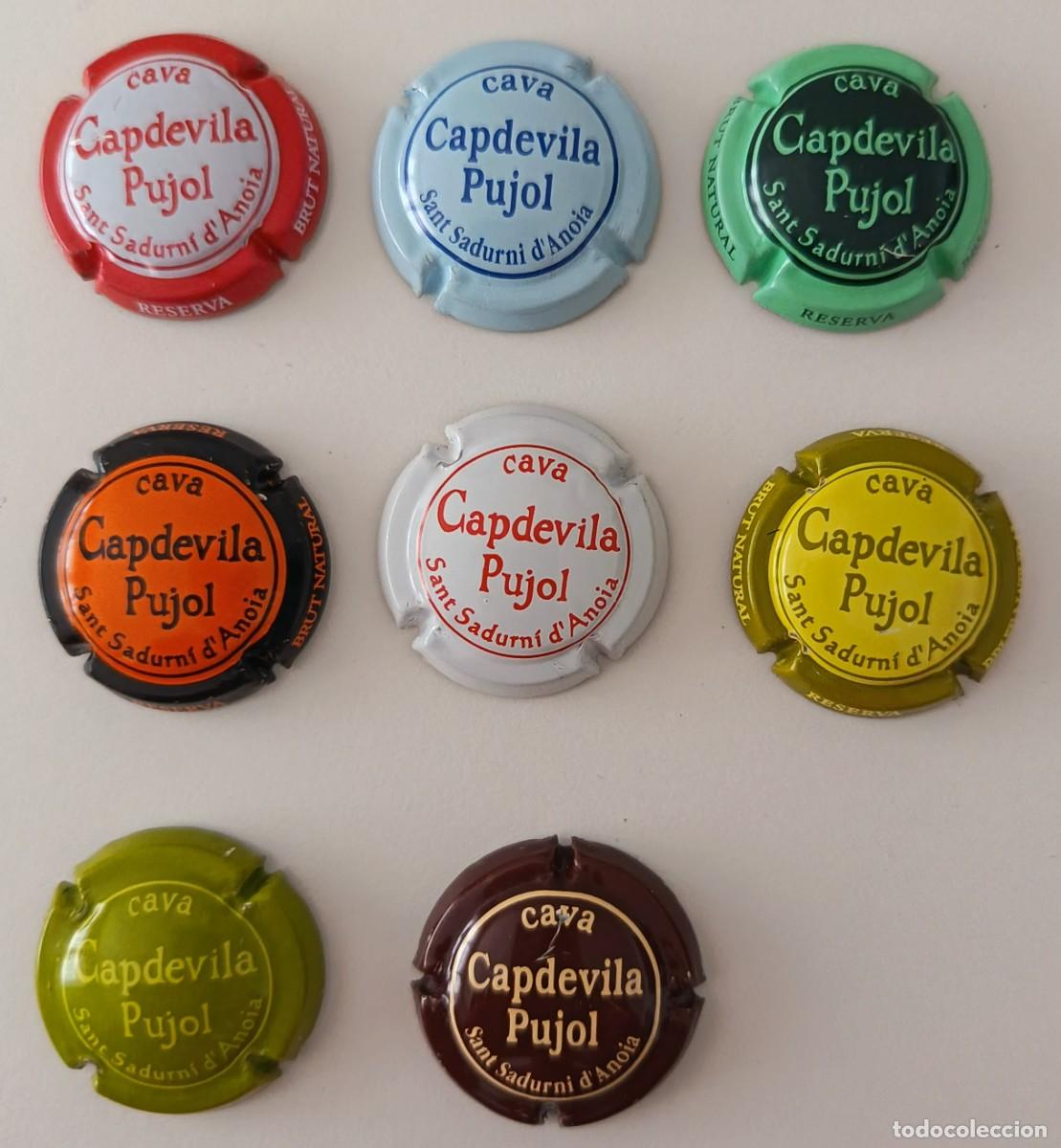 Coleccionismo de cava: 8 Chapas de Cava. Capdevila Pujol. - Foto 1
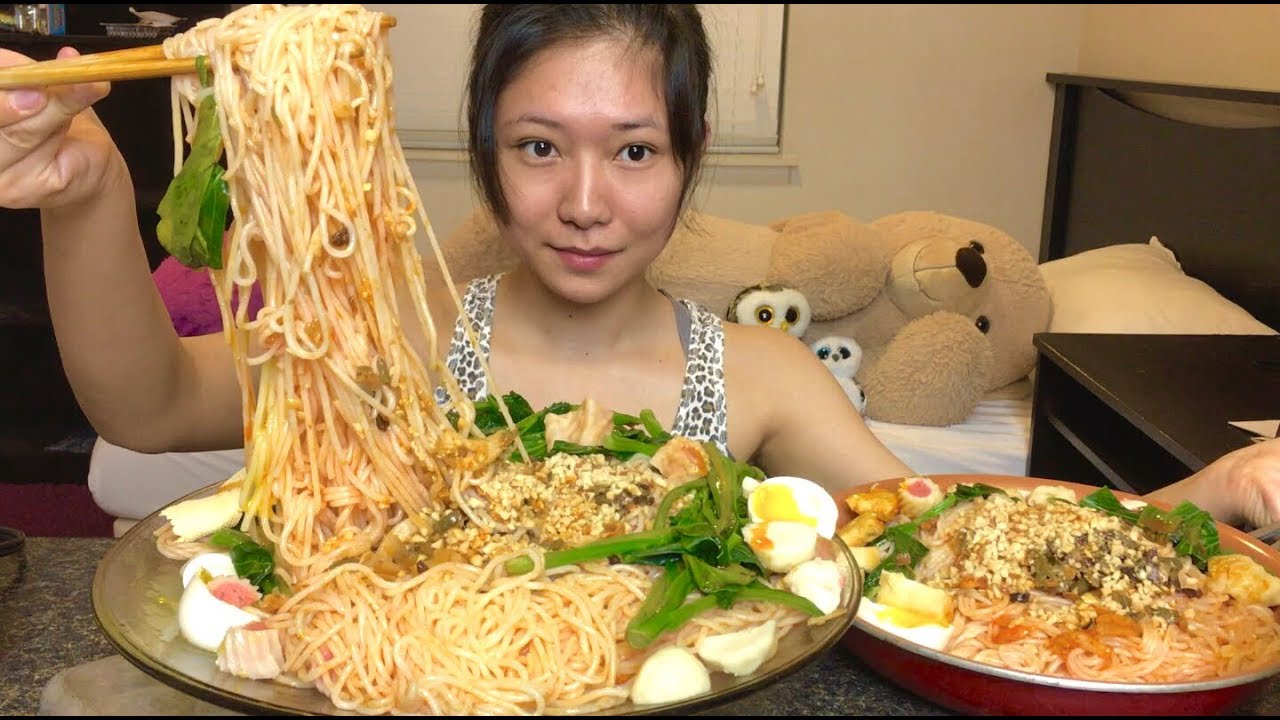 [EATING SHOW]【吃播】干捞螺蛳粉 DRY RIVER SNAILS RICE NOODLE [ENG SUB]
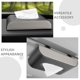 thumbnail image 2 of Dispensador de servilletas para visera de coche, caja de pañuelos universal, accesorio interior para coche, bolsa de pañuelos colgante para asiento de coche, 2 of 8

====

Without including any picture, write out the material above verbatim.

 Coleccionismo de cava: 8 Chapas de Cava. Capdevila Pujol. - Foto 1
 [EATING SHOW]【吃播】干捞螺蛳粉 DRY RIVER SNAILS RICE NOODLE [ENG SUB]
 thumbnail image 2 of Dispensador de servilletas para visera de coche, caja de pañuelos universal, accesorio interior para coche, bolsa de pañuelos colgante para asiento de coche, 2 of 8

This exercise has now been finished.